The SSA, who spoke with State House correspondents in Abuja, disclosed that 20 others were still on the death row, besides 12 more already sentenced to jail.

She noted that the government was saddened by the fact that in some instances, the unfortunate Nigerians were the victims of drug cartels working with some airline workers.

Dabiri-Erewa said in some cases, drugs were stealthily put in the bags of unsuspecting pilgrims by the cartels only for them to be picked up on arrival in Saudi Arabia.

She stated that for such isolated cases, it was the desire of Nigeria that Saudi Arabia should show mercy, since the drugs were not transported with the knowledge of the victims.

The SSA added, “We have had cases where truly they didn’t commit the offence. We have appealed to the Saudi authorities to make the trials fair, open and ensure that justice is done.

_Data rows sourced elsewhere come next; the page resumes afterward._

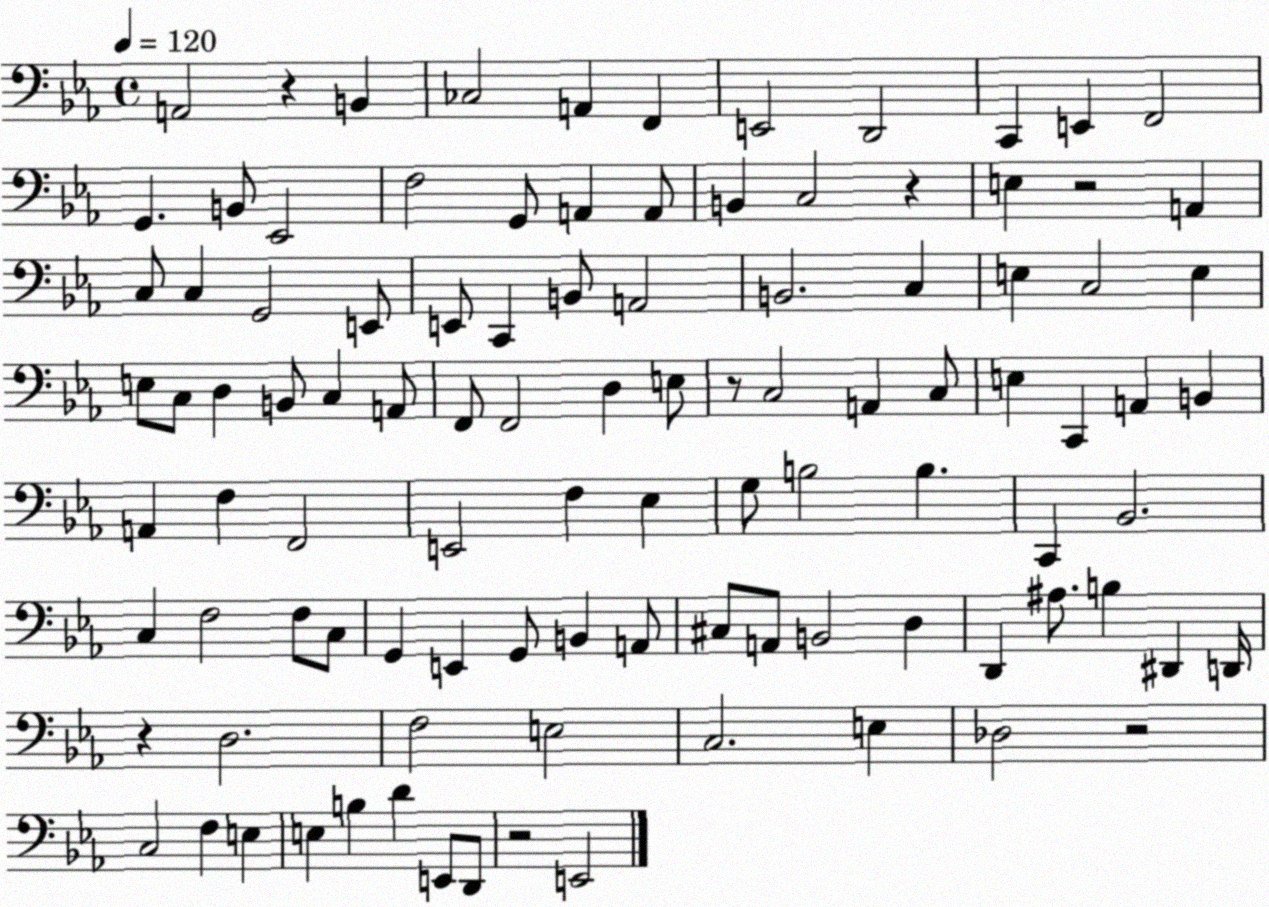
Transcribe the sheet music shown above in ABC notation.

X:1
T:Untitled
M:4/4
L:1/4
K:Eb
A,,2 z B,, _C,2 A,, F,, E,,2 D,,2 C,, E,, F,,2 G,, B,,/2 _E,,2 F,2 G,,/2 A,, A,,/2 B,, C,2 z E, z2 A,, C,/2 C, G,,2 E,,/2 E,,/2 C,, B,,/2 A,,2 B,,2 C, E, C,2 E, E,/2 C,/2 D, B,,/2 C, A,,/2 F,,/2 F,,2 D, E,/2 z/2 C,2 A,, C,/2 E, C,, A,, B,, A,, F, F,,2 E,,2 F, _E, G,/2 B,2 B, C,, _B,,2 C, F,2 F,/2 C,/2 G,, E,, G,,/2 B,, A,,/2 ^C,/2 A,,/2 B,,2 D, D,, ^A,/2 B, ^D,, D,,/4 z D,2 F,2 E,2 C,2 E, _D,2 z2 C,2 F, E, E, B, D E,,/2 D,,/2 z2 E,,2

Even if you are going to die, you will know that you die for an offence you committed.

“So, while we appeal to Nigerians going to Saudi Arabia, we know it is tough, obey the laws of the land. Even kola nut is treated as a drug. So, we will continue to appeal to the Saudi authorities to treat some of the cases with some form of leniency.

“Like I said, we have 20 of them in Saudi; this is the 8th to be executed and we are hopeful that maybe we will be able to save the others. It is pathetic, it is tragic but we will continue to appeal to Nigerians to obey the laws of the land where you are.

“However, we expect the trial to be fair, open and ensure that justice truly is done.”

She also reacted to the conduct of the five Nigerians arrested in the United Arab Emirates for robbing a bureau de change and carting away Dh2.3 million.

She described their conduct as disgraceful and an embarrassment to the country and their families.

She spoke further, “These five boys are a disgrace to this country and an embarrassment. So, if the UAE decides to be hard on Nigerians then we will complain that they are hard on us. But we will continue to say that one bad apple should not spoil the whole bunch.

“Nigerians are hard-working, intelligent; so these few should not spoil the whole bunch because this has made news all over the UAE now.

“We are going to continue to name those who disgrace the country anywhere in the world and we will continue to appeal to Nigerians to be good ambassadors wherever they find themselves.”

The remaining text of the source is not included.